Как только Жамб-де-буа прибыл в Ля-Рошель, то направился со своими бумагами в Ратушу, обычное место пребывания графа, чтобы посчитать с морским комиссаром Трубером военные расходы, и отдал ему все бумаги, которых с тех пор не видел. Граф узнал о его прибытии и послал за ним и его братом, пригласил их обоих в свою комнату и туда же позвал торговцев из Руана и Сен-Мало. Эти торговцы официально попросили у него отдать им два корабля, следуя постановлению Совета, которое ещё не было подписано двумя братьями. Это было сделано, и граф тотчас распорядился о передаче кораблей торговцам, не обращая никакого внимания на противодействие Николаса Гарго, который не преминул указать, что все основания для этого постановления являются ложными, дал понять опасные последствия, которые такой поступок повлечёт для королевской службы, и настаивал на том, что граф должен был, по крайней мере, сначала дать ему пятнадцать дней на поездку в Париж, чтобы рассказать королеве и кардиналу об этой несправедливости. Всё было напрасно, граф не желал с ним соглашаться, все его доводы и просьбы он даже не рассматривал за цену в пятьдесят тысяч франков, которыми его поманили торговцы, в ущерб справедливости и своему партнёру.

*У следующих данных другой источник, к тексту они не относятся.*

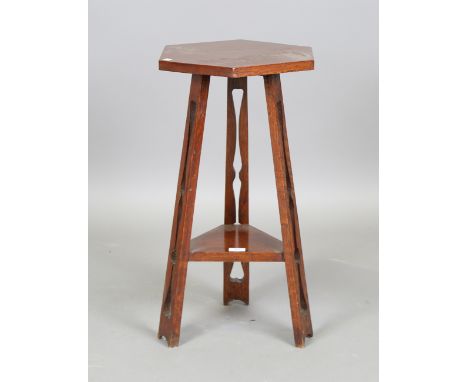 A George V Arts and Crafts style oak hexagonal occasional table, on three fretwork supports united by an undertier, height 68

Всё это происходило в комнате графа, в присутствии сьёра Миран, судьи адмиралтейства Ля-Рошели, барона, торговцев Руана и Сен-Мало, дворянина господина кардинала по имени Шам-Реньо, который внезапно умер через несколько дней, не без подозрения в отравлении.

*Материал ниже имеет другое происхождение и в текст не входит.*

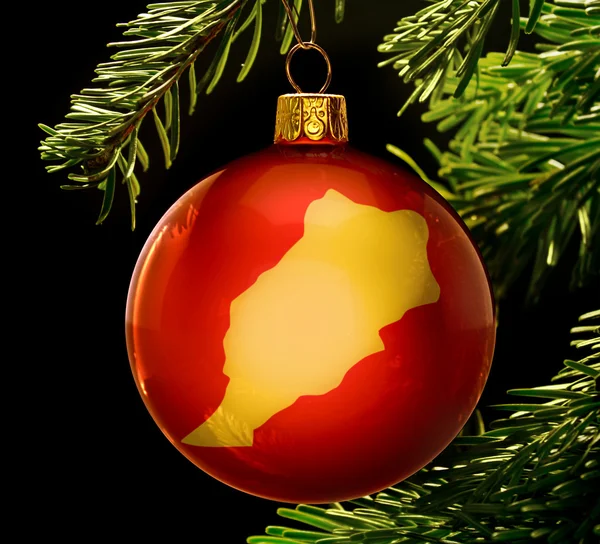 Red bauble with the golden shape of Morocco hanging on a christm — 图库照片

Когда все эти люди вышли из комнаты, в ней остались только Миран, барон и братья Гарго, граф, который до этого момента казался хладнокровным, начал приходить в ярость, богохульствуя в ужасной манере, заявил Николасу Гарго, что он его обманул, и безоаровый камень оказался подделкой. Гарго прекрасно понял по этой выходке, что граф хочет заполучить всю прибыль для себя и потому вызвал его на ссору. Тогда он раскаялся, хотя слишком поздно, что стал партнёром льва, и ещё больше – что сам пришёл к нему в когти, чтобы потерять остатки своей удачи. Всё же Гарго ответил максимально вежливо, что ничего не понимает в безоаровых камнях и отдал графу больший из найденных в сундуках испанцев, думая, что он наиболее ценный, и хранит другой, чтобы передать его королеве-регентше, чьей доброте он обязан своим благополучием. Граф ему ответил свысока, что королева не может лучше заботиться о его благополучии, чем он сам, да и как посмел дворянин проводить параллель между собой и матерью своего короля, регентшей королевства?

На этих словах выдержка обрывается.